One possible explanation for solitary aSDH is as follows (Gong et al. 2014). The brain is covered by three structures: the skull, dura, and arachnoid membrane. The cerebral artery, and thus, the aneurysm in the present case, exist under (the inner side of) the arachnoid membrane. The rupture of an aneurysm generally causes hemorrhage under the arachnoid membrane, namely, SAH. Repeated hemorrhage due to minor aneurysmal rupture results in adhesion between the aneurysmal wall and arachnoid membrane, and thus, the aneurysmal walls make direct contact with the subdural space. A large rupture then occurs, with blood directly entering the subdural space (not the subarachnoid space), causing aSDH without SAH. In this case, surgery revealed that the aneurysm strongly adhered to the adjacent arachnoid membrane. Furthermore, mild eye pain on day −14 indicated minor recurrent ruptures of the aneurysm. Some pathophysiological similarities exist in hemorrhagic disorders other than cerebral aneurysms. In aorto-bronchopulmonary and aorto-enteric fistulas, the aortic aneurysm adheres to the bronchus or intestinal wall, respectively, and the fistula that forms is in direct contact with them. Bleeding sometimes occurs in the bronchus lumen and intestinal lumen (not in the mediastinum or abdomen), respectively. Therefore, ruptured vessels may not always hemorrhage to the site at which vessels are actually located.

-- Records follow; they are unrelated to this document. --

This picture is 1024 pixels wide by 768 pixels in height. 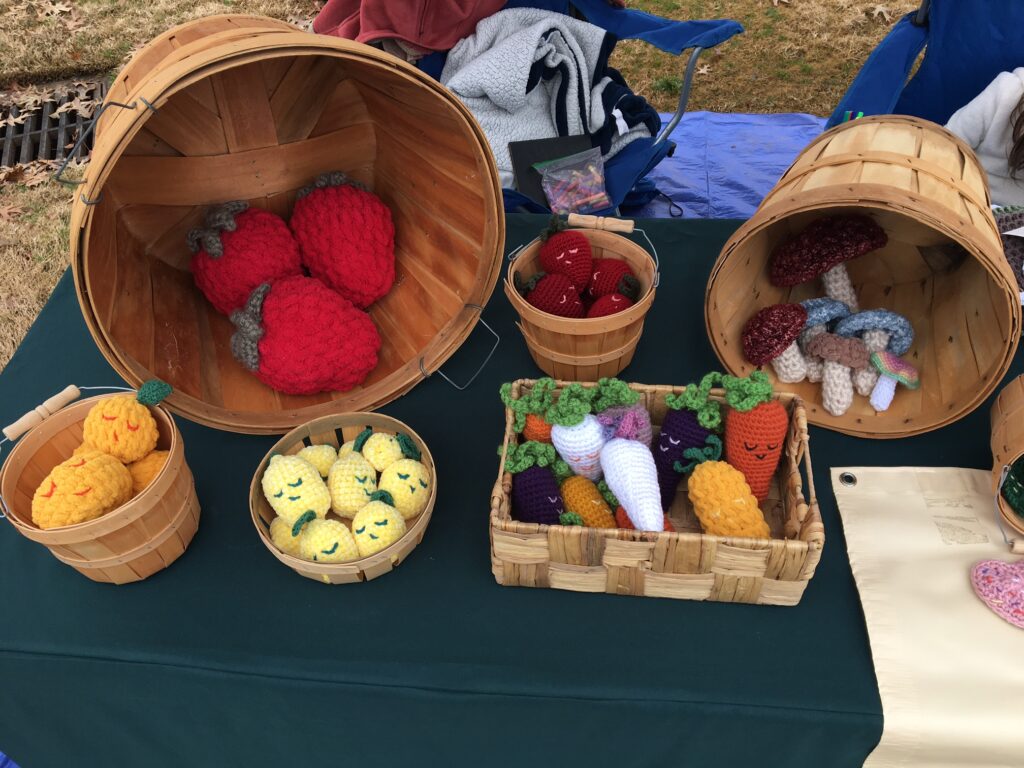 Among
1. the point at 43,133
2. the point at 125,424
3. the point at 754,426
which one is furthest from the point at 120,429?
the point at 43,133

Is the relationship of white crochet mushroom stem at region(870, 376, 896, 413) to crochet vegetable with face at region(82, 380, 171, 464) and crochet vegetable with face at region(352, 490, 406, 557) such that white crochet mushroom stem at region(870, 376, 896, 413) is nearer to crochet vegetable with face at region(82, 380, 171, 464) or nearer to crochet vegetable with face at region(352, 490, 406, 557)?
crochet vegetable with face at region(352, 490, 406, 557)

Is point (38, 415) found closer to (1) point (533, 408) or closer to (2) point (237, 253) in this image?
(2) point (237, 253)

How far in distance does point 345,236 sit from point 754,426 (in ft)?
2.24

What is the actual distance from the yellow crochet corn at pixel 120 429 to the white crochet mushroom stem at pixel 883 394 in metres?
0.98

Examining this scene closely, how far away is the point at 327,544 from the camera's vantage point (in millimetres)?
810

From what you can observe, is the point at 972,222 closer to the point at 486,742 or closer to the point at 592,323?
the point at 592,323

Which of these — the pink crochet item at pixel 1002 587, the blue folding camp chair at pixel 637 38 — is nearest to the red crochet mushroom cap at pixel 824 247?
the pink crochet item at pixel 1002 587

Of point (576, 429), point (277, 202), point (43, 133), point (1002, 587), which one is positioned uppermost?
point (277, 202)

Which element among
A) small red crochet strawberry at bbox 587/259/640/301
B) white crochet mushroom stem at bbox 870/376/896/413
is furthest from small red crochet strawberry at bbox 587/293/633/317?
white crochet mushroom stem at bbox 870/376/896/413

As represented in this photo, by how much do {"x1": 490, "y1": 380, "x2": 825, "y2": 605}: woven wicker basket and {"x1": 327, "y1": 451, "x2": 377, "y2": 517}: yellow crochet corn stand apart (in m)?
0.18

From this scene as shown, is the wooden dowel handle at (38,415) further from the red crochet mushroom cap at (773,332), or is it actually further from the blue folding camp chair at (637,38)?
the blue folding camp chair at (637,38)

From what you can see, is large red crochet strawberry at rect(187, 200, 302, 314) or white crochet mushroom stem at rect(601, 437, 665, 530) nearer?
white crochet mushroom stem at rect(601, 437, 665, 530)

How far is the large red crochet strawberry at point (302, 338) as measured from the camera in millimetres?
995

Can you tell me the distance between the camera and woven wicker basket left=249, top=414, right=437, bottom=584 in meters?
0.80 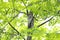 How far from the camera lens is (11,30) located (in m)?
4.38

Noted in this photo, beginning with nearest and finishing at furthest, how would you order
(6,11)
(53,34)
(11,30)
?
(53,34) < (6,11) < (11,30)

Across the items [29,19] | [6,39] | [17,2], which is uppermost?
[17,2]

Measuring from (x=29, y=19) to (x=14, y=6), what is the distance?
3.04ft

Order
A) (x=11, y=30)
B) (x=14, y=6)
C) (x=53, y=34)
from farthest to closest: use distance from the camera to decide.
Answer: (x=11, y=30) < (x=14, y=6) < (x=53, y=34)

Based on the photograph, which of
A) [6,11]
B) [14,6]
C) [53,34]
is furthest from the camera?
[6,11]

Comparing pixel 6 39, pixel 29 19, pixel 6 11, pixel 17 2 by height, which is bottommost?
pixel 6 39

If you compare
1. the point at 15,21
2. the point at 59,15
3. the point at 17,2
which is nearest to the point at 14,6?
the point at 17,2

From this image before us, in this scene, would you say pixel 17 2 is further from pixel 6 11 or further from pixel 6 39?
pixel 6 39

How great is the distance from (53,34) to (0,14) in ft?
4.61

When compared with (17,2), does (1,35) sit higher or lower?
lower

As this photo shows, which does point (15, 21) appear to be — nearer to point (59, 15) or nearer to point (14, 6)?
point (14, 6)

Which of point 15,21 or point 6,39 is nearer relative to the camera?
point 6,39

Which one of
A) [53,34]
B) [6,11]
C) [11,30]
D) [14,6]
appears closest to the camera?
[53,34]

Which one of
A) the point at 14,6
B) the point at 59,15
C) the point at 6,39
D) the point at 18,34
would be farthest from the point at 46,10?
the point at 6,39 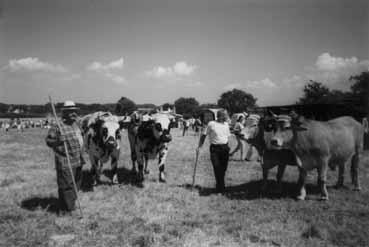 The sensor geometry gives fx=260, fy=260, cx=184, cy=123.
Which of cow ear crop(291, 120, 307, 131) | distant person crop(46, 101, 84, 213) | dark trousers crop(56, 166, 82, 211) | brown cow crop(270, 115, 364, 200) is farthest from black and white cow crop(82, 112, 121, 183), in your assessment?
cow ear crop(291, 120, 307, 131)

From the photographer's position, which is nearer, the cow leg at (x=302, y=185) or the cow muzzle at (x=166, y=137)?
the cow leg at (x=302, y=185)

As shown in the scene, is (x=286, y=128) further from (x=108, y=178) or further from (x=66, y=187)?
(x=108, y=178)

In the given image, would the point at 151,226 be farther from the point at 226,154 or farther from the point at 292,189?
the point at 292,189

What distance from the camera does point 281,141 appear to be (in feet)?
21.3

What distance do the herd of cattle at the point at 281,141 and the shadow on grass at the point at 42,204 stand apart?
5.21 ft

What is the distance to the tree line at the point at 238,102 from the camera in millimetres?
11036

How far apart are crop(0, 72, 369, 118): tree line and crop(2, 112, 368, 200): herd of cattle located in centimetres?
98

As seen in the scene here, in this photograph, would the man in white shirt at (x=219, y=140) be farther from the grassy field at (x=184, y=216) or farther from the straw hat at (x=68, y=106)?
the straw hat at (x=68, y=106)

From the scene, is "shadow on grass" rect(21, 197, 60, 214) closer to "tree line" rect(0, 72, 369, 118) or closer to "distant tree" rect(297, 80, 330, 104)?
"tree line" rect(0, 72, 369, 118)

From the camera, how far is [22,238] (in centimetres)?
458

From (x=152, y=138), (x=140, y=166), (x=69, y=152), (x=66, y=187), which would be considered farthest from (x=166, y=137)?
(x=66, y=187)

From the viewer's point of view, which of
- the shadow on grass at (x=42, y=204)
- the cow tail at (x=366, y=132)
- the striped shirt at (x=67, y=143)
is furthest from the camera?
Result: the cow tail at (x=366, y=132)

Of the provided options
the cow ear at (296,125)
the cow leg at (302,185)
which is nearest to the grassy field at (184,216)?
the cow leg at (302,185)

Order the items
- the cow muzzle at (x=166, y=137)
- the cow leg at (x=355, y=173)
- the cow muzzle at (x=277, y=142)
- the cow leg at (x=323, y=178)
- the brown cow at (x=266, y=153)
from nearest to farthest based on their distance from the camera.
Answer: the cow muzzle at (x=277, y=142) < the cow leg at (x=323, y=178) < the brown cow at (x=266, y=153) < the cow leg at (x=355, y=173) < the cow muzzle at (x=166, y=137) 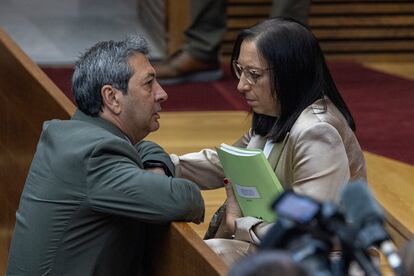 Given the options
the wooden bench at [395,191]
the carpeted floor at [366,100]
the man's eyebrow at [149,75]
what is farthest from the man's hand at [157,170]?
the carpeted floor at [366,100]

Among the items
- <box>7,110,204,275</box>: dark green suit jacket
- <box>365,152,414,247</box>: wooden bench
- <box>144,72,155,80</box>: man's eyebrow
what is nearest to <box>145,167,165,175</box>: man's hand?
<box>7,110,204,275</box>: dark green suit jacket

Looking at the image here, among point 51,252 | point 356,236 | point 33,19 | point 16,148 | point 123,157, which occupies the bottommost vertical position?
point 33,19

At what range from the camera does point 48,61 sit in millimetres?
7410

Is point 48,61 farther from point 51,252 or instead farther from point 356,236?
point 356,236

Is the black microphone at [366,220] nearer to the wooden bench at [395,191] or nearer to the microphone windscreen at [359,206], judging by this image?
the microphone windscreen at [359,206]

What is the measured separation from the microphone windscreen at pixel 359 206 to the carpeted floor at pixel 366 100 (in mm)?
3791

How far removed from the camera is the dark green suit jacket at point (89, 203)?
9.07ft

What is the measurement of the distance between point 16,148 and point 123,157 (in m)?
2.03

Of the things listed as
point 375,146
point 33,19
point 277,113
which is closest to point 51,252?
point 277,113

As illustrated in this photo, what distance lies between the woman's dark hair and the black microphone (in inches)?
63.4

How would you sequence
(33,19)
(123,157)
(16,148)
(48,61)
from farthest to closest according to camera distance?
1. (33,19)
2. (48,61)
3. (16,148)
4. (123,157)

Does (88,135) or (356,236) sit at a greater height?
(356,236)

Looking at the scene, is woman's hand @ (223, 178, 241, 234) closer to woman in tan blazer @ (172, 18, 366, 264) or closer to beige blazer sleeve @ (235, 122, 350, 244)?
woman in tan blazer @ (172, 18, 366, 264)

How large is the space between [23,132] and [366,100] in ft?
7.87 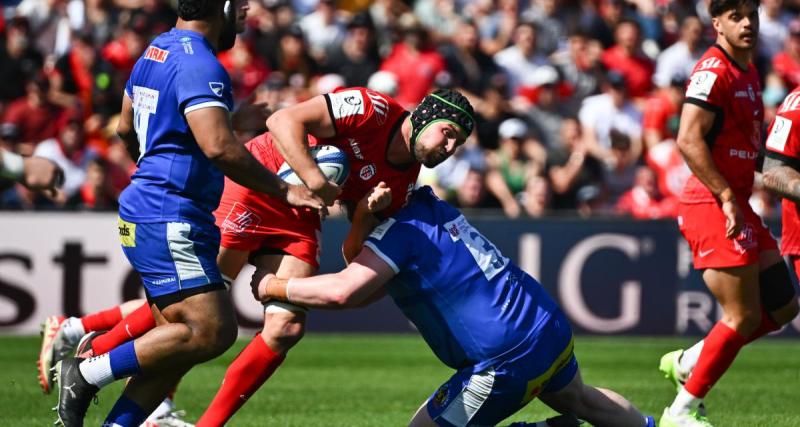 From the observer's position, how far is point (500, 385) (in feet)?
20.4

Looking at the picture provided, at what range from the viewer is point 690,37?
57.6 ft

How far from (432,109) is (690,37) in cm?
1179

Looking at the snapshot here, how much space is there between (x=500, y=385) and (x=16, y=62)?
12.3m

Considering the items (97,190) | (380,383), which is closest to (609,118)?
(97,190)

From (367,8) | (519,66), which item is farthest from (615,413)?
(367,8)

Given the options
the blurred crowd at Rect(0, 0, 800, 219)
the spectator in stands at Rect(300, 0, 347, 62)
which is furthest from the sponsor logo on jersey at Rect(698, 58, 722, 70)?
the spectator in stands at Rect(300, 0, 347, 62)

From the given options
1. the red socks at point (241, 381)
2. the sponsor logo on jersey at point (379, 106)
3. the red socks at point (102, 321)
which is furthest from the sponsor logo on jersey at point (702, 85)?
the red socks at point (102, 321)

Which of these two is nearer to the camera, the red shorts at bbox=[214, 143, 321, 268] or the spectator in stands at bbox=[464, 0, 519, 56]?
the red shorts at bbox=[214, 143, 321, 268]

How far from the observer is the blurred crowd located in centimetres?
1583

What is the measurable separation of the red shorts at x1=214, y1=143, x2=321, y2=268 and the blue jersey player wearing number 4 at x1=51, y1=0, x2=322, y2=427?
116cm

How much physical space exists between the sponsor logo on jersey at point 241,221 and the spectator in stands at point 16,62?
9.86m

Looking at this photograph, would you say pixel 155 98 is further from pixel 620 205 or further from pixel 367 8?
pixel 367 8

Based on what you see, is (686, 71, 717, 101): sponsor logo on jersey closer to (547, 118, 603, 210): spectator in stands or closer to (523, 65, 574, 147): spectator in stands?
(547, 118, 603, 210): spectator in stands

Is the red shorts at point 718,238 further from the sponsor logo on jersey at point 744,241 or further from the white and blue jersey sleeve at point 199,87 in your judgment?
the white and blue jersey sleeve at point 199,87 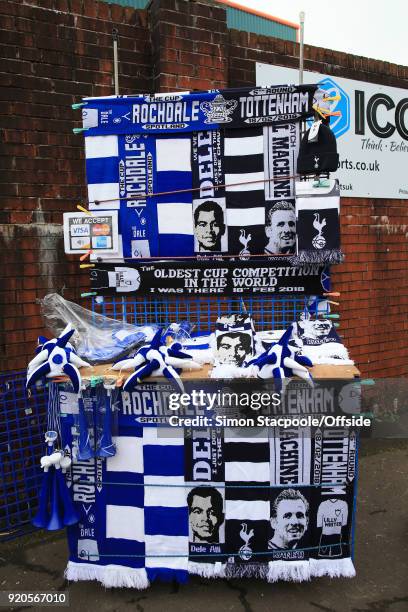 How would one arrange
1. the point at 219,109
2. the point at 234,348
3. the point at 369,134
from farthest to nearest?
1. the point at 369,134
2. the point at 219,109
3. the point at 234,348

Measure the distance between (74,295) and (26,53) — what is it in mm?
2005

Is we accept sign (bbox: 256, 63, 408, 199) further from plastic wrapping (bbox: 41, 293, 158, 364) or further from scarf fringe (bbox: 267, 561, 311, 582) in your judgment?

In the present case, emergent clipping was performed at 321/7 weeks of gestation (day 2) with the fetus in utero. Headache of unknown cause recurred at 356/7 weeks of gestation (day 28), which prompted us to perform preterm Cesarean section. Due to the gestational weeks of the events and maternal/fetal conditions, clipping surgery with the fetus in utero and later preterm Cesarean section were natural choices. The first pregnant case reported by Hubert (1994) had solitary aSDH at 39 weeks of gestation, by which stage the fetus had matured, and thus, clipping surgery was performed after Cesarean section. The strategy selected, namely, clipping surgery with the fetus in utero versus after delivery, depends on various factors, i.e., infant maturity, neonatal treatment level, and the neurological/systemic status/condition of the mother. The treatment strategy for ruptured aneurysms and the timing of delivery are still controversial. Therefore, treatment scenarios need to be individualized.
The following result from the present case is important: aSDH without SAH does not preclude cerebral aneurysm rupture. A survey of cerebral vascular disorders needs to be considered in order to give warranty to the primary physician and obstetricians to consider this disease entity.
The authors declare no conflict of interest.